Deep Huber quantile regression networks

TL;DR

This paper introduces deep Huber quantile regression networks (DHQRN), a flexible neural network framework that predicts a range of distributional functionals including quantiles and expectiles, improving uncertainty quantification in regression tasks.

Contribution

The paper proposes DHQRN, a novel neural network model that generalizes quantile and expectile regression by predicting Huber quantiles, unifying these approaches within a single framework.

Findings

DHQRN effectively predicts house prices in Melbourne and Boston.

DHQRN demonstrates satisfactory performance on real-world datasets.

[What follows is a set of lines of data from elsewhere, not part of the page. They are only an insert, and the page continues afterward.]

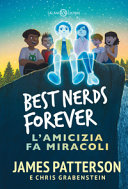 Couverture Best Nerds forever : l'amicizia fa miracoli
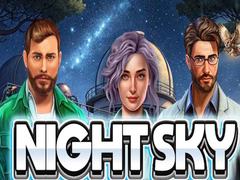 Jeu Night Sky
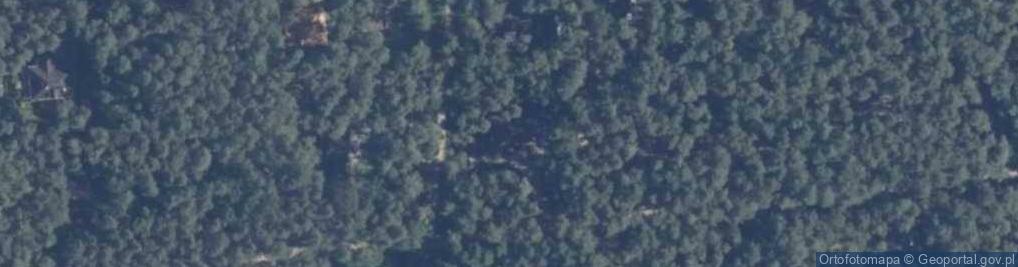 Zdjęcie satelitarne Dotyk Piękna Aleksandra Owczarczyk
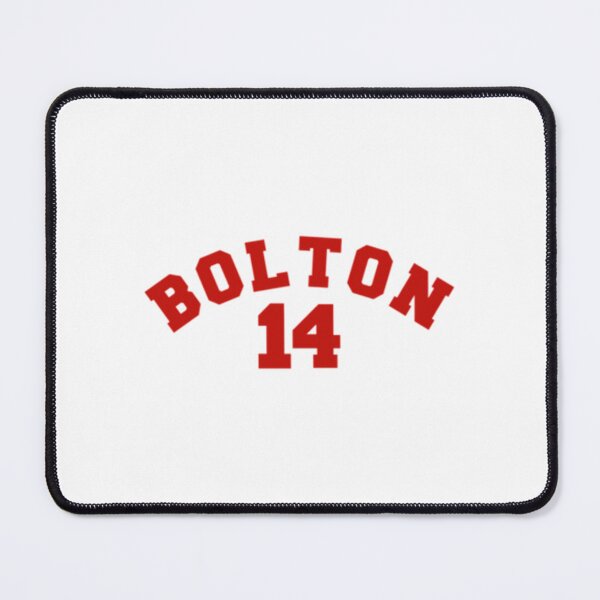 Item preview, Bolton designed and sold by RadimPergla.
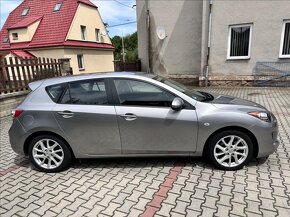 Mazda 3 2.0 110kW 2012 119019km serviska 1.majitel - 3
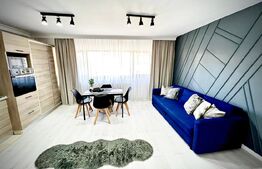 Apartament de 2 camere cu gradina in Vila, langa Parcul Poligonului , Floresti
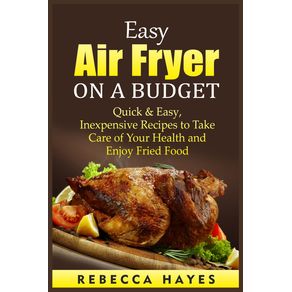 Easy-Air-Fryer-on-a-Budget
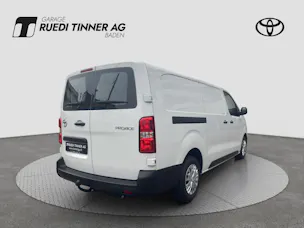 Toyota PROACE Van L2 2.0 D Advanced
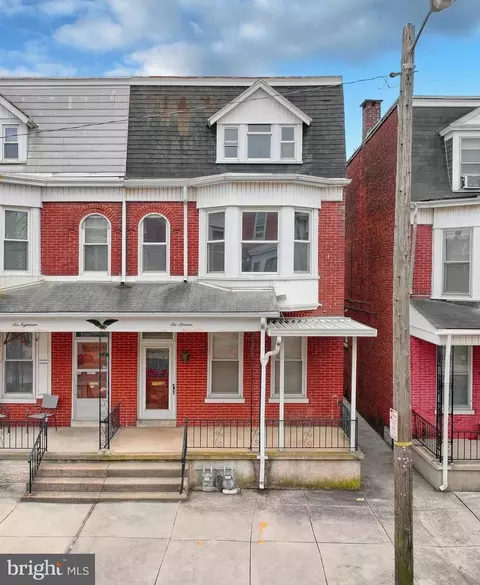 616 Wallace St, York, PA 17403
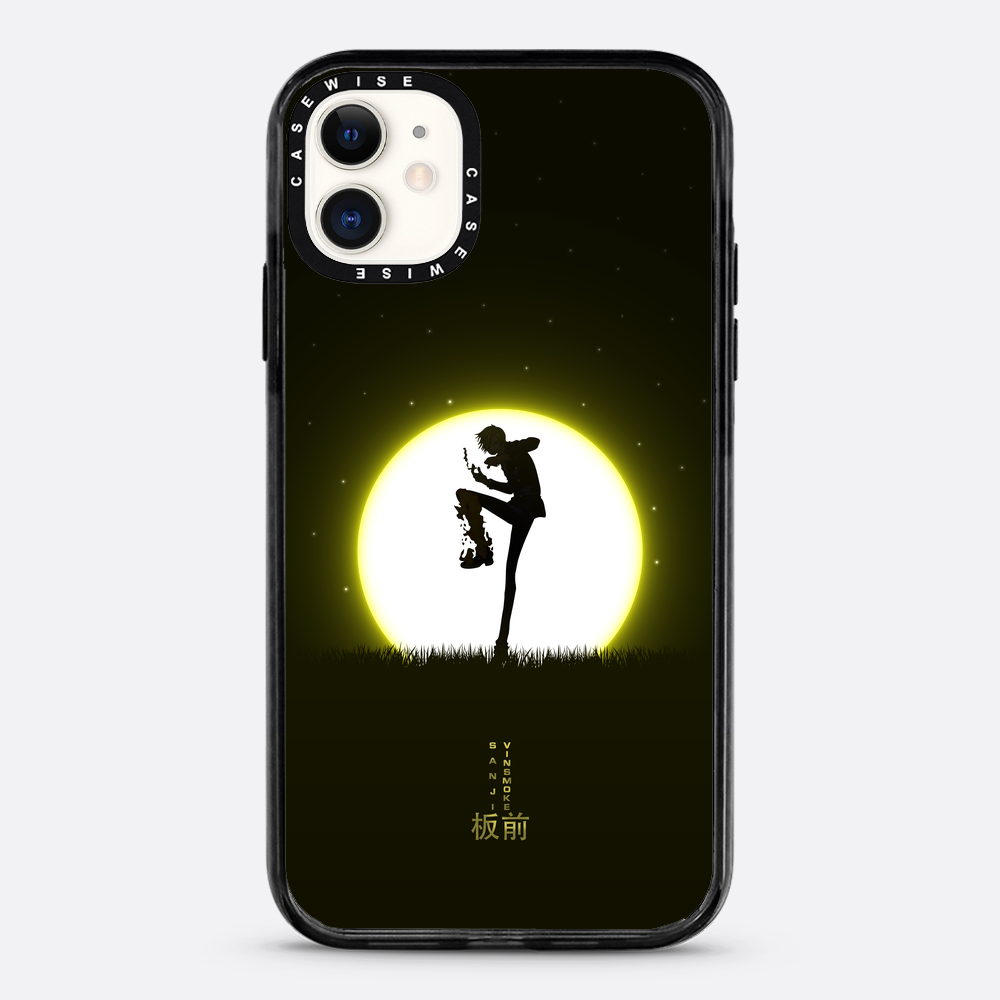 Sanji - Case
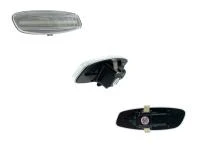 Preview: LED Seitenblinker Blinker Klar Silber Module Citroen C4 Picasso 2006-2013
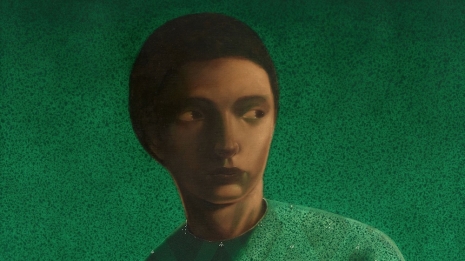 Jem Perucchini, Sospiro, 2026 (detail), David Zwirner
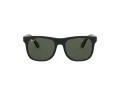 Ray-Ban Junior Justin Sonnenbrille RJ 9069S 100/71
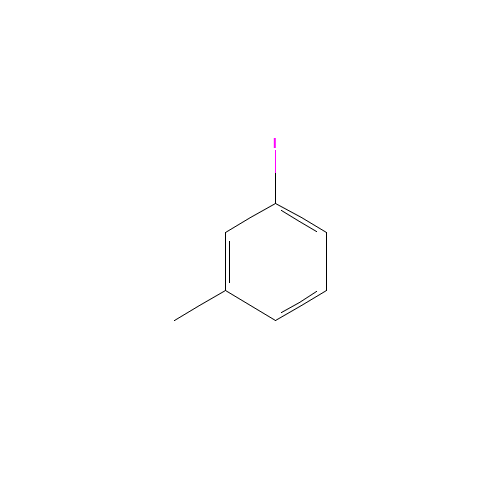 3-Iodotoluene (CAS: 625-95-6) - Related Chemical Product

The model provides interpretable economic insights.

Abstract

Typical machine learning regression applications aim to report the mean or the median of the predictive probability distribution, via training with a squared or an absolute error scoring function. The importance of issuing predictions of more functionals of the predictive probability distribution (quantiles and expectiles) has been recognized as a means to quantify the uncertainty of the prediction. In deep learning (DL) applications, that is possible through quantile and expectile regression neural networks (QRNN and ERNN respectively). Here we introduce deep Huber quantile regression networks (DHQRN) that nest QRNN and ERNN as edge cases. DHQRN can predict Huber quantiles, which are more general functionals in the sense that they nest quantiles and expectiles as limiting cases. The main idea is to train a DL algorithm with the Huber quantile scoring function, which is consistent for the Huber quantile functional. As a proof of concept, DHQRN are applied to predict house prices in Melbourne, Australia and Boston, United States (US). In this context, predictive performances of three DL architectures are discussed along with evidential interpretation of results from two economic case studies. Additional simulation experiments and applications to real-world case studies using open datasets demonstrate a satisfactory absolute performance of DHQRN.